Every green result earns 10 points. Amber gets 5, red zero. Those points are then multiplied by the weight you have assigned to that section.
In the example above:
- Account Structure & Access gets 5 points because it’s amber (5 points) multiplied by the weight (1.0).
- PII Compliance gets 20 points – 10 points for a green result, multiplied by the weight of 2.0. Woo-hoo – double points!
Add up all the scores and compare that number to a perfect result (all green checkmarks). Divide the first by the second to get your normalized score.
Further Customizing Weighting
Not only can you change the weight of each section, you can also turn off irrelevant sections. In the screen shot below, all the sections are on, so they’ll be audited. Most of the sections have a weight of 1, except for PII, which is set to 2:
What I Don’t Like
It’s hard to find things to dislike about this tool, but I have a few small ones.
- It’s not perfect. It may flag something as PII that actually is not. It throws a few false positives here and there, particularly with lightly-trafficked sites, but it’s simple to investigate what’s going on. The tool usually points you in the right direction, and you can usually adjust the audit settings if you’re okay with the flagged item.
- The learning curve is steeper and longer than I expected. I continue to discover new features or settings, usually because Clifton returns my emails to point out something I’ve missed.
- On the plus side, two recently released videos do a great job of explaining the tool, and I think more videos are on the way.
- I’m not a fan of the red/green/amber color scheme. I’m speaking as a proud member of the 8% of men who are red/green colorblind.
This is a great tool.

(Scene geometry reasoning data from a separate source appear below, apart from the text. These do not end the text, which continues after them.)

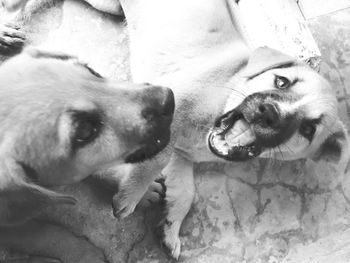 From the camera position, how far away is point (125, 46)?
3.46m

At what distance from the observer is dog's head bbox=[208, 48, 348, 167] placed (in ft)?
8.61

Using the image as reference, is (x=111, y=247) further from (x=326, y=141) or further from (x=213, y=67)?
(x=326, y=141)

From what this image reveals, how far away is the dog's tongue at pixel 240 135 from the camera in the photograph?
9.00 ft

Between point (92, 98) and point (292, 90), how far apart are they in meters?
1.24

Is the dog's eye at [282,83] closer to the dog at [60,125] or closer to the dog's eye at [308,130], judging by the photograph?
the dog's eye at [308,130]

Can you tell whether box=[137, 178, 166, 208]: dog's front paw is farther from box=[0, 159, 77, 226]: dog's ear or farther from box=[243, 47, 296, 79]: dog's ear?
box=[0, 159, 77, 226]: dog's ear

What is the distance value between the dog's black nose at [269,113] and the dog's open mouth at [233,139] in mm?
133

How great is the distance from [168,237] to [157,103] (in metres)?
1.13

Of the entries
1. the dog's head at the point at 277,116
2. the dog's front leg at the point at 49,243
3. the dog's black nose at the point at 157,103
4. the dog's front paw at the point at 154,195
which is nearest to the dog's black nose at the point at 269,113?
the dog's head at the point at 277,116

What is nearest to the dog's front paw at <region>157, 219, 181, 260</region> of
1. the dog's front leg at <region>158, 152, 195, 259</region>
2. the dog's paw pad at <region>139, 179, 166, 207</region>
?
the dog's front leg at <region>158, 152, 195, 259</region>

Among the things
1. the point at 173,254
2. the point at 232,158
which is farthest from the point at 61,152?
the point at 173,254

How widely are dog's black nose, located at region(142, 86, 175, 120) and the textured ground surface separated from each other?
1.07 metres

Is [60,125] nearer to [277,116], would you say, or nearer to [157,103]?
[157,103]

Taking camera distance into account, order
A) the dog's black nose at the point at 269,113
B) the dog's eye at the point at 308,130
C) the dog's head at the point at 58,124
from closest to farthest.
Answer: the dog's head at the point at 58,124
the dog's black nose at the point at 269,113
the dog's eye at the point at 308,130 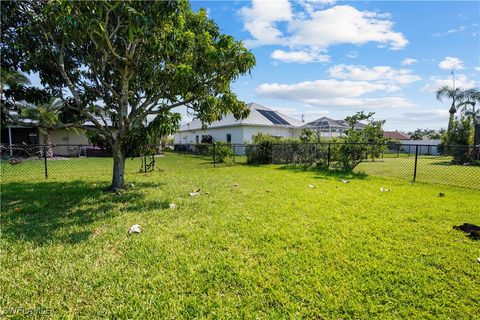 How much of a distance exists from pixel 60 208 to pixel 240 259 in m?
4.17

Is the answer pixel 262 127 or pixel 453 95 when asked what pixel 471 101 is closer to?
pixel 453 95

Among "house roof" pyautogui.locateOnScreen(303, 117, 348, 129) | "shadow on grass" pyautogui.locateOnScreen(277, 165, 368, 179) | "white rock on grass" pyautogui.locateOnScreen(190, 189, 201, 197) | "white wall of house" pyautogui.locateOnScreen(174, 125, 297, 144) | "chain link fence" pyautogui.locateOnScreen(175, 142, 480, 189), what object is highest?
"house roof" pyautogui.locateOnScreen(303, 117, 348, 129)

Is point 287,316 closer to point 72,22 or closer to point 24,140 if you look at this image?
point 72,22

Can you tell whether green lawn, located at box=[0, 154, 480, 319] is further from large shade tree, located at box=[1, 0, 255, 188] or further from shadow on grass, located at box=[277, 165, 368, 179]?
shadow on grass, located at box=[277, 165, 368, 179]

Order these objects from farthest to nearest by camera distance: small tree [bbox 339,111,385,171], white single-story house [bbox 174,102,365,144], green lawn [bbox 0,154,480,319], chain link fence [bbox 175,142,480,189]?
1. white single-story house [bbox 174,102,365,144]
2. small tree [bbox 339,111,385,171]
3. chain link fence [bbox 175,142,480,189]
4. green lawn [bbox 0,154,480,319]

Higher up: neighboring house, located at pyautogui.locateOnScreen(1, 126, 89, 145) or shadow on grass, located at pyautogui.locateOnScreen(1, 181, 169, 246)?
neighboring house, located at pyautogui.locateOnScreen(1, 126, 89, 145)

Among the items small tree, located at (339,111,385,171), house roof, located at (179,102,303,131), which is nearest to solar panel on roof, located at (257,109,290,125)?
house roof, located at (179,102,303,131)

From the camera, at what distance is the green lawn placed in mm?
2172

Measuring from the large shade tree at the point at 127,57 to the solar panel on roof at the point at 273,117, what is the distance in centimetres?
1631

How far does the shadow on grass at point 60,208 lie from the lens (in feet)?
12.1

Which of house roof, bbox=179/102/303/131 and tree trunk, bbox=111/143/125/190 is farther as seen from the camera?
house roof, bbox=179/102/303/131

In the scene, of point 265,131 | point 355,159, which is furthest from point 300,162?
point 265,131

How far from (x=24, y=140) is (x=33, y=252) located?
1026 inches

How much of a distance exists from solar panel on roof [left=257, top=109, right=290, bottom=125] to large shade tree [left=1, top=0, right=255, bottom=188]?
53.5 feet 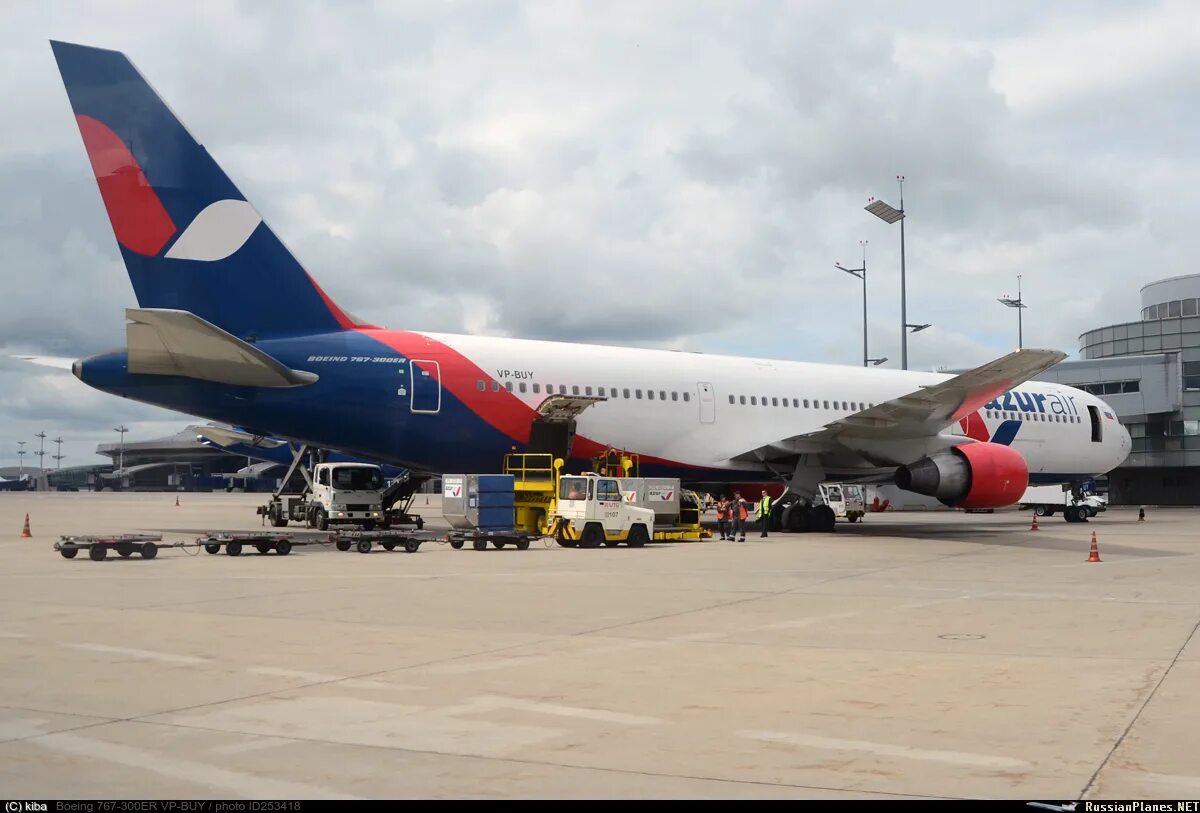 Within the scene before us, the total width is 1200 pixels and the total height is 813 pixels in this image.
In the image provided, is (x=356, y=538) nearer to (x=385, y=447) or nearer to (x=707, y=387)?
(x=385, y=447)

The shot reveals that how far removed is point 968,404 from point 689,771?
74.5 ft

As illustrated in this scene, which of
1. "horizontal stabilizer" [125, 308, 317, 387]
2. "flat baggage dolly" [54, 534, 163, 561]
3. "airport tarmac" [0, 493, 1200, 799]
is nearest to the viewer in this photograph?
"airport tarmac" [0, 493, 1200, 799]

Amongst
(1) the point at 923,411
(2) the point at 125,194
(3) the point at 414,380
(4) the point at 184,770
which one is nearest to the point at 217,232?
(2) the point at 125,194

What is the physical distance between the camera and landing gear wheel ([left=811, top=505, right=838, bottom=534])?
29.4m

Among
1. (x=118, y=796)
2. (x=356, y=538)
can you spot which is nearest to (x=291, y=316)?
(x=356, y=538)

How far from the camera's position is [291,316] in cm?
2291

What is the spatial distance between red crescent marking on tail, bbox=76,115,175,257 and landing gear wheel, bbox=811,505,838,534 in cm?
1734

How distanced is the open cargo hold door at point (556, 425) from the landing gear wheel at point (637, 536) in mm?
3132

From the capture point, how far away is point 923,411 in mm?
25781

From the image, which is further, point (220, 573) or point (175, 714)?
point (220, 573)

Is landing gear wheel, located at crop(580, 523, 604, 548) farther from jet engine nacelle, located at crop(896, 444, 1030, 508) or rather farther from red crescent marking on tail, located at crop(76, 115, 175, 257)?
red crescent marking on tail, located at crop(76, 115, 175, 257)

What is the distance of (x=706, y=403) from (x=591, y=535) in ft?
22.4

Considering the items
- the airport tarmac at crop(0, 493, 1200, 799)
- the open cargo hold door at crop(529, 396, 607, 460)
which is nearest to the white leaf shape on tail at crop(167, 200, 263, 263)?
the open cargo hold door at crop(529, 396, 607, 460)

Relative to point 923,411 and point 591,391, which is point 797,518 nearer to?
point 923,411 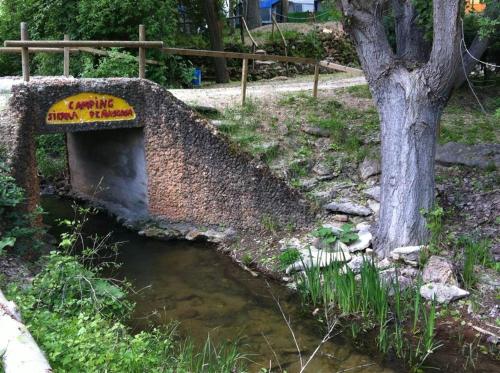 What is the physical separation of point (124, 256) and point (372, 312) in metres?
4.47

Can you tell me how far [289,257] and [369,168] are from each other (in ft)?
8.93

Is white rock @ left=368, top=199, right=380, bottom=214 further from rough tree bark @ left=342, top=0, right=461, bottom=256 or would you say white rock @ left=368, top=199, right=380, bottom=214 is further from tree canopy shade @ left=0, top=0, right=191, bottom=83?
tree canopy shade @ left=0, top=0, right=191, bottom=83

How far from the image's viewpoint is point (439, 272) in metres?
7.62

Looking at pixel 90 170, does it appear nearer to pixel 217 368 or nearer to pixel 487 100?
pixel 217 368

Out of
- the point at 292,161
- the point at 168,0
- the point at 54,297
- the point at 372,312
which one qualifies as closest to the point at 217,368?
the point at 54,297

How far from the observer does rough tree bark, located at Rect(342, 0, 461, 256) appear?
811 cm

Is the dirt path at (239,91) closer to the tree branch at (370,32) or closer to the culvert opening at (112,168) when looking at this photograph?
the culvert opening at (112,168)

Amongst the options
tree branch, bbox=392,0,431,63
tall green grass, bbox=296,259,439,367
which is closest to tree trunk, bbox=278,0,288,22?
tree branch, bbox=392,0,431,63

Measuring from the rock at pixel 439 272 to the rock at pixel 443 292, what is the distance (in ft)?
0.28

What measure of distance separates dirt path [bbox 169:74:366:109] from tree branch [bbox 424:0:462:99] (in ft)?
17.7

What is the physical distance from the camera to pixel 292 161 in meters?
11.0

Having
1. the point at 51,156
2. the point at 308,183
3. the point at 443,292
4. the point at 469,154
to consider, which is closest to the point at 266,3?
the point at 51,156

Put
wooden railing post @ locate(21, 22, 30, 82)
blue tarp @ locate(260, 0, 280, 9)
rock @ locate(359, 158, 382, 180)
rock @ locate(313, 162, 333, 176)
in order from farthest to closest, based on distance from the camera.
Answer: blue tarp @ locate(260, 0, 280, 9) → rock @ locate(313, 162, 333, 176) → rock @ locate(359, 158, 382, 180) → wooden railing post @ locate(21, 22, 30, 82)

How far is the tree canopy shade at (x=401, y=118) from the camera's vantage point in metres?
8.09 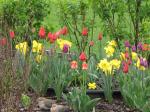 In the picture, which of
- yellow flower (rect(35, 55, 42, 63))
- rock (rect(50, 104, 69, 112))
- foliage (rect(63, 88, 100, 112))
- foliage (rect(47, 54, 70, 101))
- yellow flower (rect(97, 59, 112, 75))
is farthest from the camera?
yellow flower (rect(35, 55, 42, 63))

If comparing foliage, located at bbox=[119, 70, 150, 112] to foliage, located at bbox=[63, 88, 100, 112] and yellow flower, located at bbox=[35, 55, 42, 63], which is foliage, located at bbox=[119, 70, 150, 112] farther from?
yellow flower, located at bbox=[35, 55, 42, 63]

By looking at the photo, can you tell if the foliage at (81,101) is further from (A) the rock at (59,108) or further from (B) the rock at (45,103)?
(B) the rock at (45,103)

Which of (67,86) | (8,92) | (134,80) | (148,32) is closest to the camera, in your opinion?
(8,92)

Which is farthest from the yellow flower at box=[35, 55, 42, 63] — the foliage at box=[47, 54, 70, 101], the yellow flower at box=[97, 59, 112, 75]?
the yellow flower at box=[97, 59, 112, 75]

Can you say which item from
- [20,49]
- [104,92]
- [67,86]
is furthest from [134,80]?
[20,49]

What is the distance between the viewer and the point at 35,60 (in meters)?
7.25

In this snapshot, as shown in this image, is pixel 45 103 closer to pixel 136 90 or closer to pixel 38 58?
pixel 38 58

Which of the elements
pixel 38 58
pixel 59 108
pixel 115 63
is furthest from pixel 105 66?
pixel 38 58

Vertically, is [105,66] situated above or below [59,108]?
above

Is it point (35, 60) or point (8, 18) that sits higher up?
point (8, 18)

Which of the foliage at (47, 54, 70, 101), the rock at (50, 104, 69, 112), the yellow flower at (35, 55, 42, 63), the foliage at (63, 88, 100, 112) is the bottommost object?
the rock at (50, 104, 69, 112)

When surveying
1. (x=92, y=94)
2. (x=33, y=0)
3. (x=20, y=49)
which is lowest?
(x=92, y=94)

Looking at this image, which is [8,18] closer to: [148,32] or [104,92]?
[148,32]

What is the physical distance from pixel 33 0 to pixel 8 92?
383 centimetres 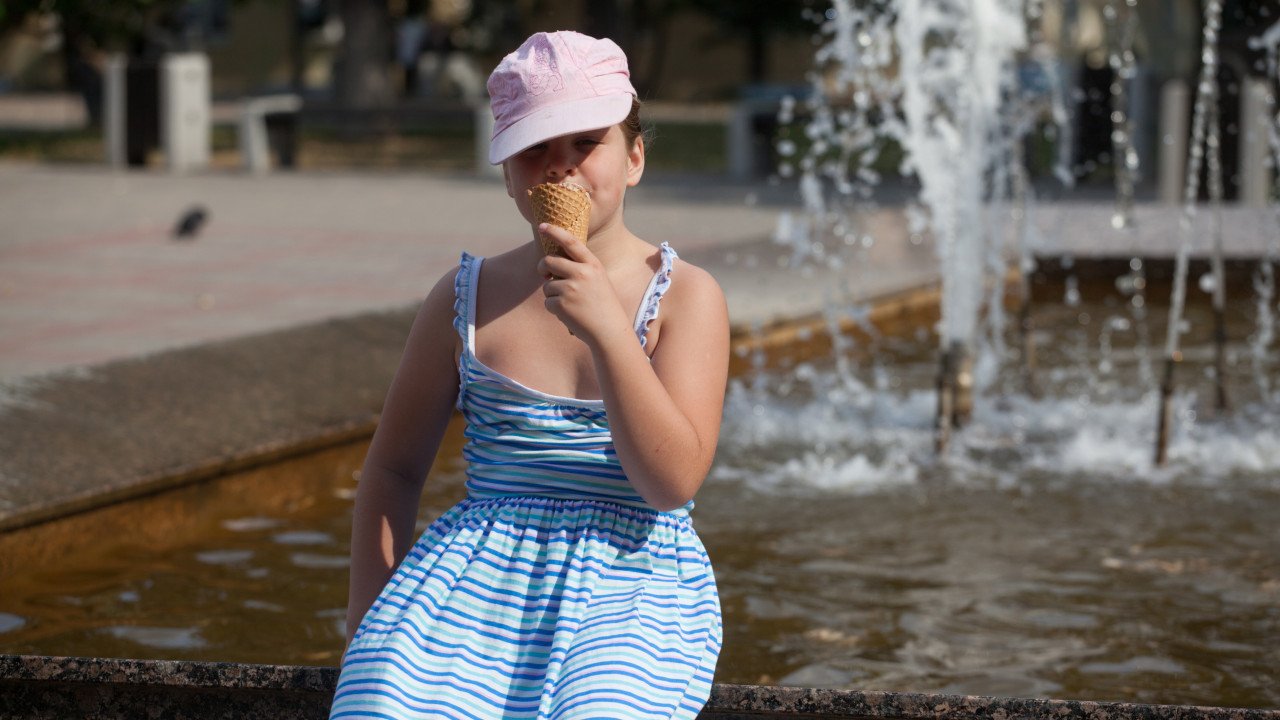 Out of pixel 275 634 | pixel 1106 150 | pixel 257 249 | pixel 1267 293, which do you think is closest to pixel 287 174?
pixel 257 249

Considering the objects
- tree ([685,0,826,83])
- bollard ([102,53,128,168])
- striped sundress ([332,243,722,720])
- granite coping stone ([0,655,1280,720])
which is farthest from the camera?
tree ([685,0,826,83])

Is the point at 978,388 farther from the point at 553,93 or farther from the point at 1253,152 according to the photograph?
the point at 1253,152

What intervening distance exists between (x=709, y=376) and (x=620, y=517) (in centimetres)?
21

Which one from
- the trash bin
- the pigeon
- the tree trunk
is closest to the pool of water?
the pigeon

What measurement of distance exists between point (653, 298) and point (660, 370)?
98mm

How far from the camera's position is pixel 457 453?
17.0ft

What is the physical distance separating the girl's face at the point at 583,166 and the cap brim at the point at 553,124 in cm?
3

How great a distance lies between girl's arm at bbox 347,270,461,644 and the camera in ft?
6.51

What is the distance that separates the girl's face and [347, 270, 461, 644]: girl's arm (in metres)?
0.22

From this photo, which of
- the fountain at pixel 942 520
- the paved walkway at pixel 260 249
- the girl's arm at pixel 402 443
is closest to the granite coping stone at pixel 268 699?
the fountain at pixel 942 520

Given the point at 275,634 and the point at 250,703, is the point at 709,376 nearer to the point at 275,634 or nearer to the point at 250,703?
the point at 250,703

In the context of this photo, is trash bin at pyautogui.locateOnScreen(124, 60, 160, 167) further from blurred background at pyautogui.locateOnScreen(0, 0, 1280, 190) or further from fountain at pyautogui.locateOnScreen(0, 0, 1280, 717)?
fountain at pyautogui.locateOnScreen(0, 0, 1280, 717)

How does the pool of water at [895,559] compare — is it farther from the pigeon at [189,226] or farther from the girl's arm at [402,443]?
the pigeon at [189,226]

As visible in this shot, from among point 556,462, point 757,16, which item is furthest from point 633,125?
point 757,16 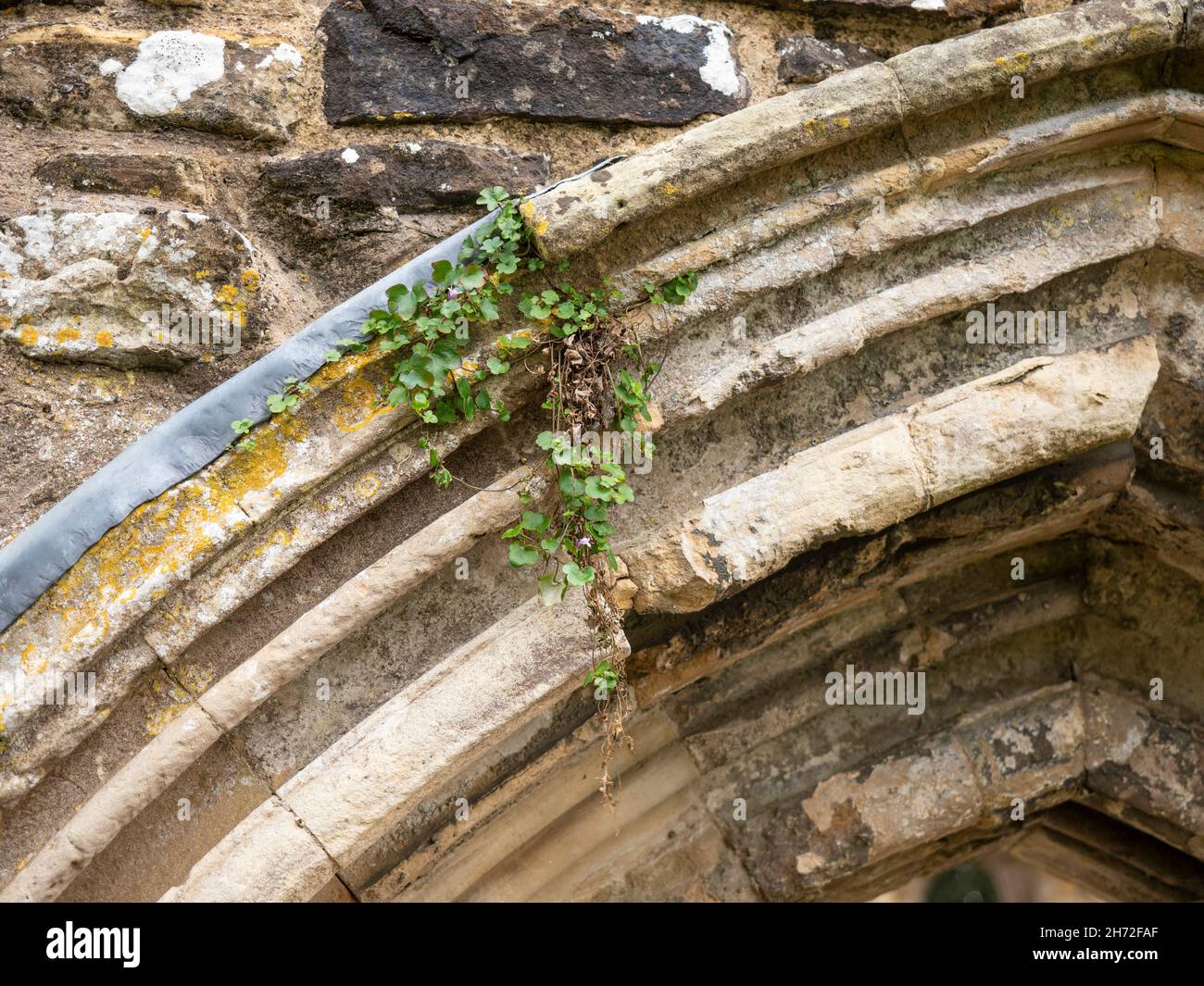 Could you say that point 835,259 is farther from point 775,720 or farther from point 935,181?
point 775,720

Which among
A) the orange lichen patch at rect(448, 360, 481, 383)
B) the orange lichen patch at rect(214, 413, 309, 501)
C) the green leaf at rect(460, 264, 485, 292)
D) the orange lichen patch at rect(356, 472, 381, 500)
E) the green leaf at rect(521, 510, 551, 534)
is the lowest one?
the green leaf at rect(521, 510, 551, 534)

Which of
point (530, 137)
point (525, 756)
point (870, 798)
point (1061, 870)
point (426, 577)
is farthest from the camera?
point (1061, 870)

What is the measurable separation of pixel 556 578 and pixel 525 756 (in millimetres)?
454

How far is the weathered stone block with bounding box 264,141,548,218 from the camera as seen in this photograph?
68.8 inches

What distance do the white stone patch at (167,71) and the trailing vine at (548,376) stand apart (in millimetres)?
488

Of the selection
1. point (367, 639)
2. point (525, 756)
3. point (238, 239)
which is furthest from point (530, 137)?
point (525, 756)

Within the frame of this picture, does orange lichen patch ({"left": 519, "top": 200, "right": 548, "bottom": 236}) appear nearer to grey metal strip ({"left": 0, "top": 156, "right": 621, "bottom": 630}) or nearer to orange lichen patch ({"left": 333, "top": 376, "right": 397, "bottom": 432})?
grey metal strip ({"left": 0, "top": 156, "right": 621, "bottom": 630})

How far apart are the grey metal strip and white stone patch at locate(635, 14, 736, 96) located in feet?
1.42

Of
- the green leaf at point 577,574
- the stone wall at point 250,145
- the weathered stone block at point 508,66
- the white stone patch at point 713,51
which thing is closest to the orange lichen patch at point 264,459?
the stone wall at point 250,145

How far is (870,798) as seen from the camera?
2281mm

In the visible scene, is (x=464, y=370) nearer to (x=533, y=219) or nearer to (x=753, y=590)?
(x=533, y=219)

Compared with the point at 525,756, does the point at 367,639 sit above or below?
above

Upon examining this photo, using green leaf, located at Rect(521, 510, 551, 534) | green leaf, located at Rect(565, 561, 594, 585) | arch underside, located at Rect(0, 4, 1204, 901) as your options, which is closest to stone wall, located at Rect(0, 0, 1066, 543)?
arch underside, located at Rect(0, 4, 1204, 901)

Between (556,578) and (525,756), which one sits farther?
(525,756) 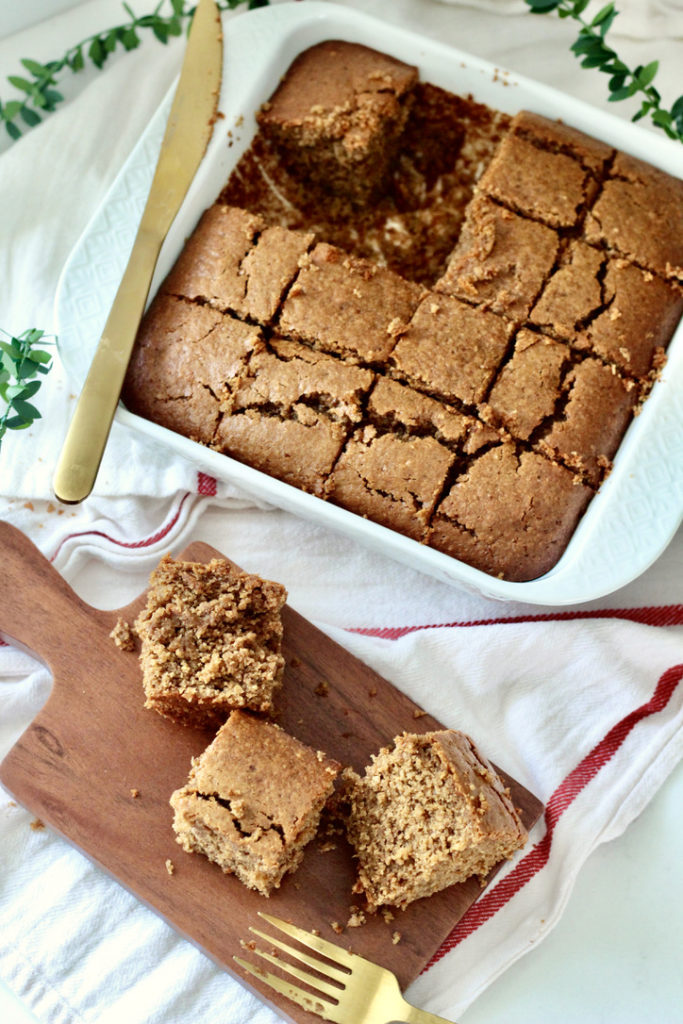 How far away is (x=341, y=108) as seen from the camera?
10.6ft

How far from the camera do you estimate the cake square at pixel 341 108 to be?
3213 millimetres

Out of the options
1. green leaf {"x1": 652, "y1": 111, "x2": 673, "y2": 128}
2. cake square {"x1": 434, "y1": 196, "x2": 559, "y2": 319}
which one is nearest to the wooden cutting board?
cake square {"x1": 434, "y1": 196, "x2": 559, "y2": 319}

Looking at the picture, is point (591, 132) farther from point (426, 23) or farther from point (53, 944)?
point (53, 944)

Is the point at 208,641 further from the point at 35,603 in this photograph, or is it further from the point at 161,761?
the point at 35,603

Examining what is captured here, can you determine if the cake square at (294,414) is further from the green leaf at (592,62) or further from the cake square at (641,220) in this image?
the green leaf at (592,62)

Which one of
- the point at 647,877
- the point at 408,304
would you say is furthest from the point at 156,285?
the point at 647,877

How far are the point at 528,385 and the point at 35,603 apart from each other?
5.33 ft

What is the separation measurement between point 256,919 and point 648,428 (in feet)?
5.86

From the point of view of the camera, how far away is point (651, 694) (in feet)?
10.4

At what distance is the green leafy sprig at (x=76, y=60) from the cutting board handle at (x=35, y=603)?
147 cm

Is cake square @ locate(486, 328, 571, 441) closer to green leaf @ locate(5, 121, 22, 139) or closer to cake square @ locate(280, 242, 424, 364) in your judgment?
cake square @ locate(280, 242, 424, 364)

Though still in beta, it’s close to perfect in so many areas.
This tool performs a thorough and comprehensive audit of a GA implementation. That makes it sound so easy, but it’s not. The more I understand about how this tool crawls a site and audits the GA implementation, the more impressed I am.
The tool is particularly valuable for large sites and can scale to any size audit. By default it will audit 1,000 pages, which is usually a good enough sample size. But financial sites, pharma, health care sites, etc. typically want all their data certified - and this tool will do it.
To me, part of what makes it so valuable is that it’s the brainchild of Brian Clifton. It incorporates his years of experience as one of the premiere GA thought-leaders and practitioners in the world. Using this tool is like having Brian at your side as you look through a GA account. You couldn’t ask for a better guide!